Recorded data:

------

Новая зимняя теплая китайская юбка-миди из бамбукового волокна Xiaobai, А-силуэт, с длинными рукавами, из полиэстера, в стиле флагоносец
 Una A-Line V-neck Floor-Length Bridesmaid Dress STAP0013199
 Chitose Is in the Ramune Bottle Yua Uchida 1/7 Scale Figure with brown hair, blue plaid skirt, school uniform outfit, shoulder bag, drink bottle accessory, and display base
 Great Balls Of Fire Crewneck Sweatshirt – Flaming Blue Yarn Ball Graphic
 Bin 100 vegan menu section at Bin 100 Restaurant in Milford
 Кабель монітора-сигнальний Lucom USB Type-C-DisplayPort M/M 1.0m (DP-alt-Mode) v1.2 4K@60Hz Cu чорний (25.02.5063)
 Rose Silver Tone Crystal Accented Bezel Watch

------

» **EXERCISE**: From the line holding "Great Balls Of" down to the last line of the records above, restate each line exactly as written.

» **TASK RESPONSE**:
 Great Balls Of Fire Crewneck Sweatshirt – Flaming Blue Yarn Ball Graphic
 Bin 100 vegan menu section at Bin 100 Restaurant in Milford
 Кабель монітора-сигнальний Lucom USB Type-C-DisplayPort M/M 1.0m (DP-alt-Mode) v1.2 4K@60Hz Cu чорний (25.02.5063)
 Rose Silver Tone Crystal Accented Bezel Watch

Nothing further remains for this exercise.